# What the task requires:
Every picture should be left out, but the lines below must be repeated exactly.
══════════
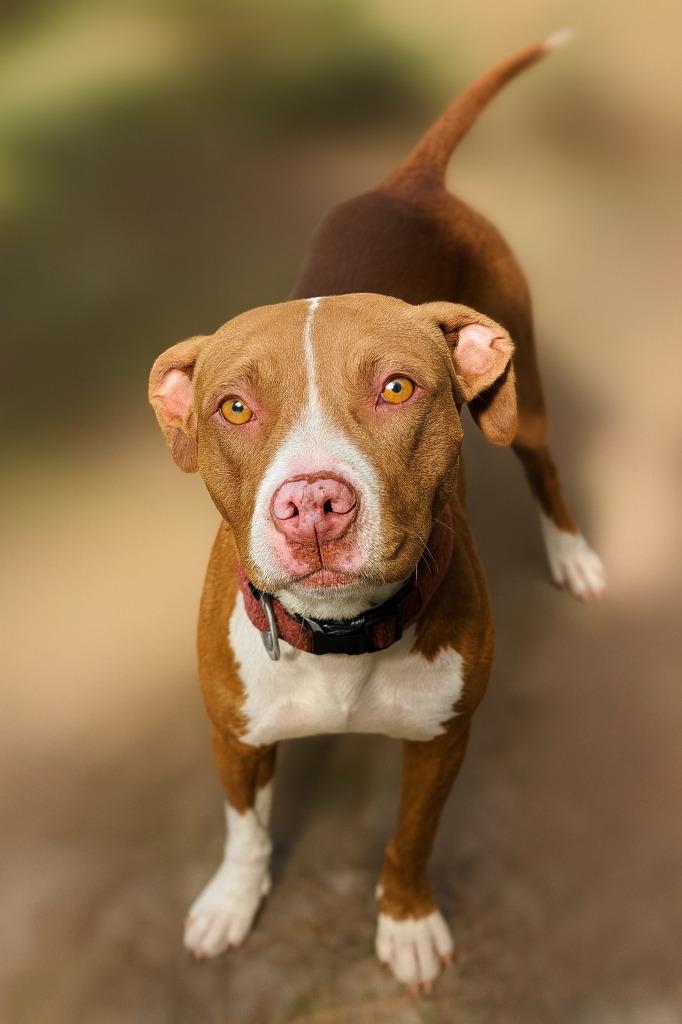 Enlarge Ducky, a Adopted mixed breed in Hardeeville, SC image 1/1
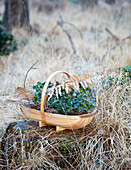 Holly and wild grasses in trug on tree stump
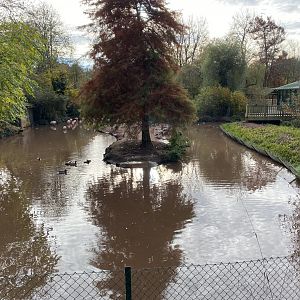 Flamingo and waterfowl enclosure 201121
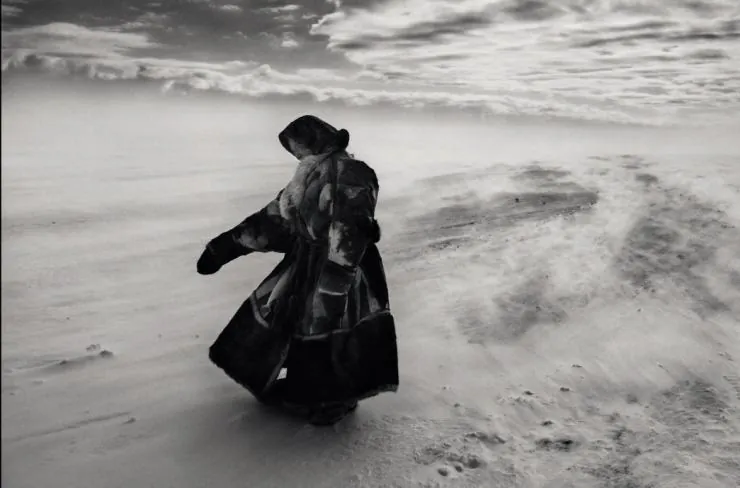 Соль Земли (2014) в хорошем качестве скачать торрент файл Соль Земли (2014) фильм в хорошем качестве скачать торрент файл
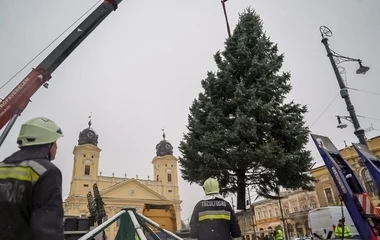 Felsőjózsáról érkezett Debrecen karácsonyfája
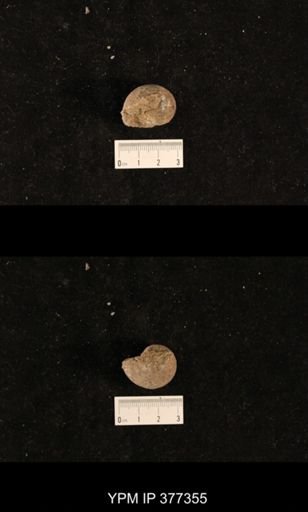 undet. Gastropoda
══════════
# Answer for the task:
 Enlarge Ducky, a Adopted mixed breed in Hardeeville, SC image 1/1
 Holly and wild grasses in trug on tree stump
 Flamingo and waterfowl enclosure 201121
 Соль Земли (2014) в хорошем качестве скачать торрент файл Соль Земли (2014) фильм в хорошем качестве скачать торрент файл
 Felsőjózsáról érkezett Debrecen karácsonyfája
 undet. Gastropoda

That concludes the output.